## ASSIGNED TASK
Please retype the records below exactly, leaving out any pictures.

## RECORDS TO USE
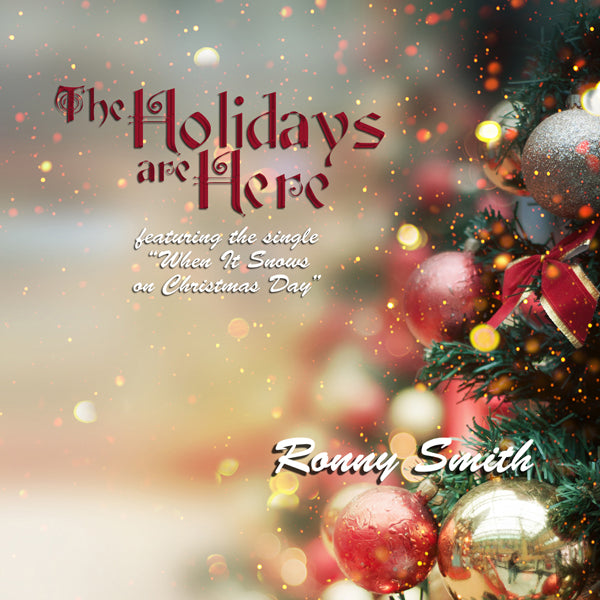 Ronny Smith | The Holidays Are Here | CD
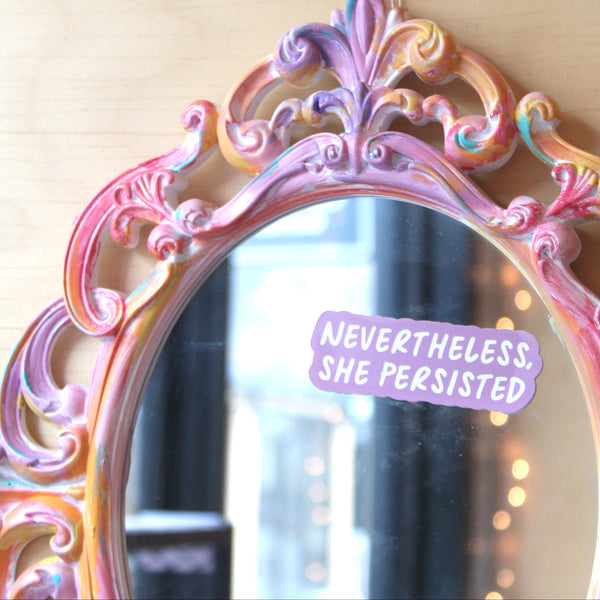 Nevertheless, She Persisted: Mirror Decal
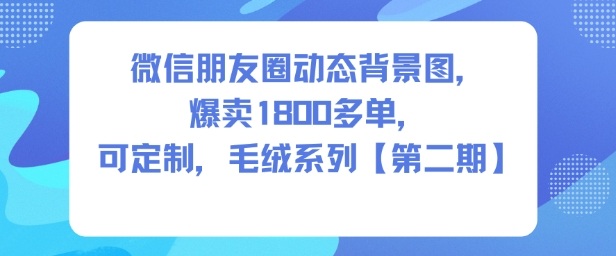 微信朋友圈动态背景图，爆卖1800多单，可定制，毛绒系列【第二期】-宇文网创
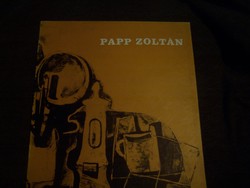 The catalog of painter Zoltán Papp is richly illustrated. D. With the introduction of White Zsuzsa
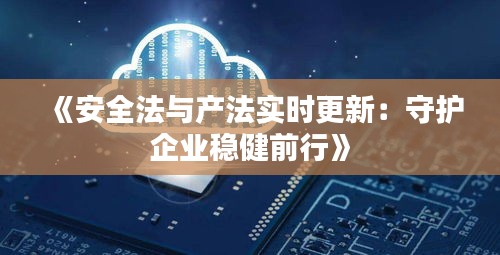 《安全法與產(chǎn)法實(shí)時(shí)更新：守護(hù)企業(yè)穩(wěn)健前行》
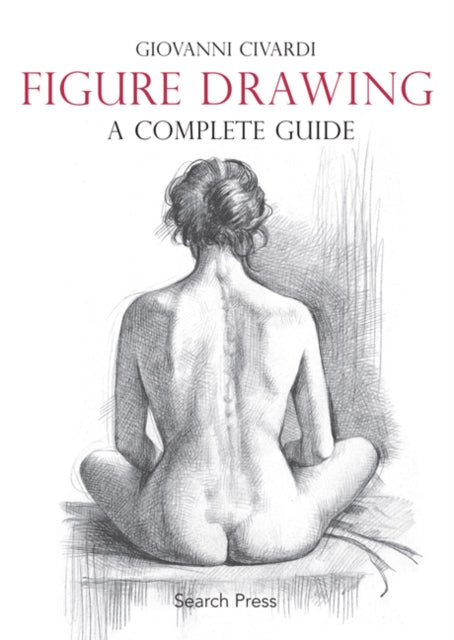 Book cover of: Figure Drawing: A Complete Guide. By: Giovanni Civardi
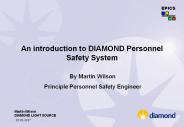 An introduction to DIAMOND Personnel Safety System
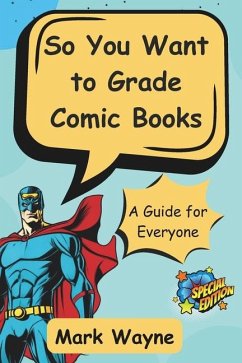 So You Want to Grade Comic Books - Wayne, Mark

## EXERCISE ANSWER
 Ronny Smith | The Holidays Are Here | CD
 Nevertheless, She Persisted: Mirror Decal
 微信朋友圈动态背景图，爆卖1800多单，可定制，毛绒系列【第二期】-宇文网创
 The catalog of painter Zoltán Papp is richly illustrated. D. With the introduction of White Zsuzsa
 《安全法與產(chǎn)法實(shí)時(shí)更新：守護(hù)企業(yè)穩(wěn)健前行》
 Book cover of: Figure Drawing: A Complete Guide. By: Giovanni Civardi
 An introduction to DIAMOND Personnel Safety System
 So You Want to Grade Comic Books - Wayne, Mark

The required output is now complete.